The rest of the movie chronicles the evolving happiness of Jane and Jimmy John as members of the family. Jimmy John battles mightily against his physical disabilities to become a boy scout and at the end of the movie he achieves his ambition to be an Eagle Scout. Jane wants badly to go to the school formal dance but the family hasn’t the money for a formal dress until all the children tell their parents to return the Christmas gifts they just received to pay for the dress. But when the night of dance arrives Jane’s date is “sick.” Actually, it’s known that his mother has ordered him not to go because she considers Jane’s background too questionable. George responds by going to the boy’s house and appeals to the parents to think of the broken heart of a young girl. The father orders his son to go to the dance and shouts at his wife to shut up.
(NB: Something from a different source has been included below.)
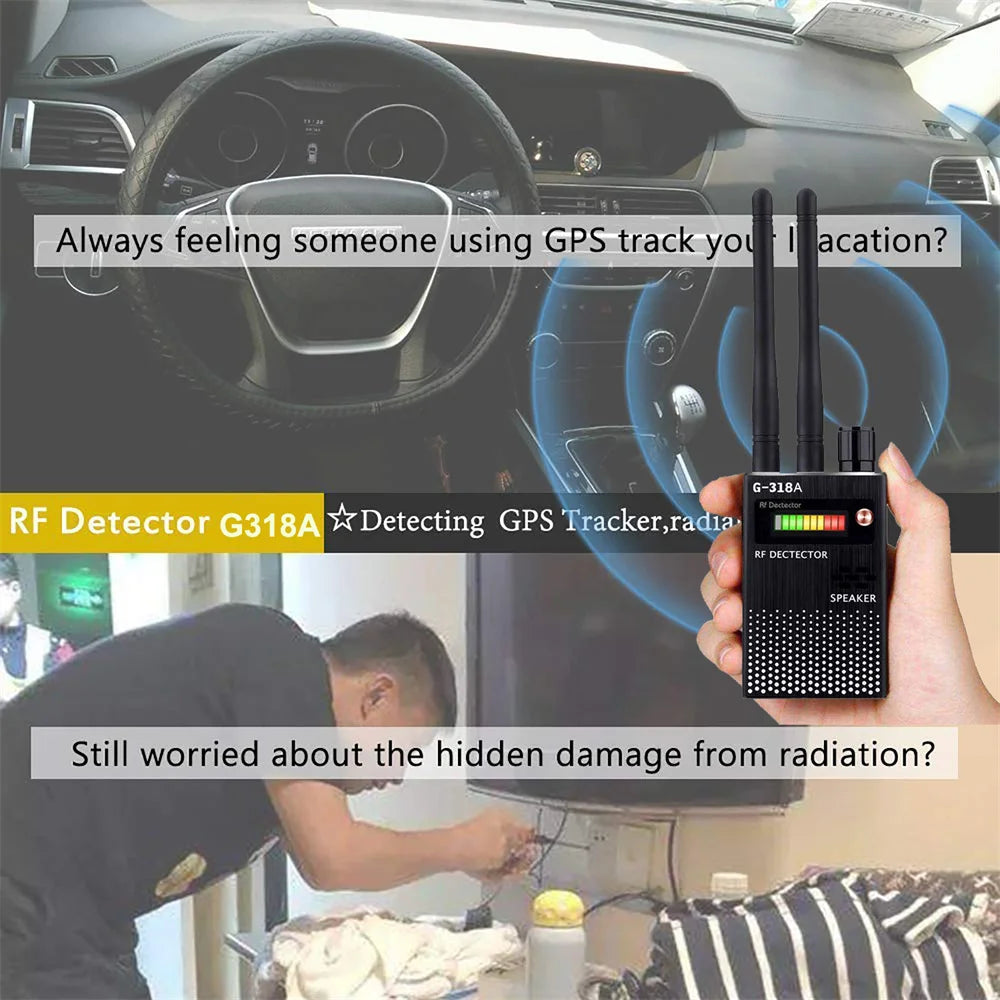 Anti-Spy Bug & GSM Device Finder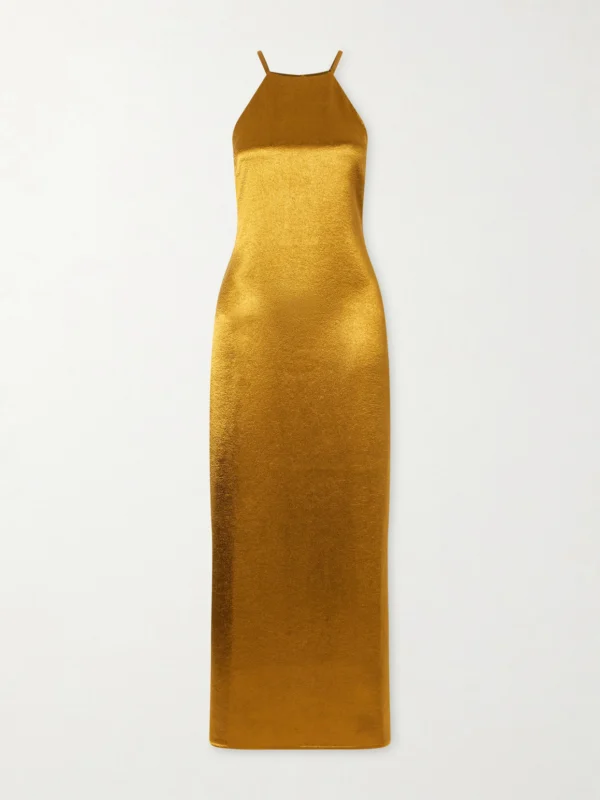 Giuliva Heritage The Martha Satin Maxi Dress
The movie ends with George and Anna granted a night of blessed solitude while the children are staying with friends.
As I’m sure you can tell from my description this is a wildly sentimental movie. But if this doesn’t terminally violate the viewer’s notion of what a movie consists of, then it is also an entertaining feel-good movie. Seeing good intentioned adults helping neglected and troubled children and reclaiming them from loneliness is pretty bracing stuff, especially if it’s done with humor and at least a little indication that problems will exist.
Well, if it’s good enough for Camera Girl then I’ll recommend it for good-hearted women and their much suffering husbands. Definitely a good husband-wife date movie.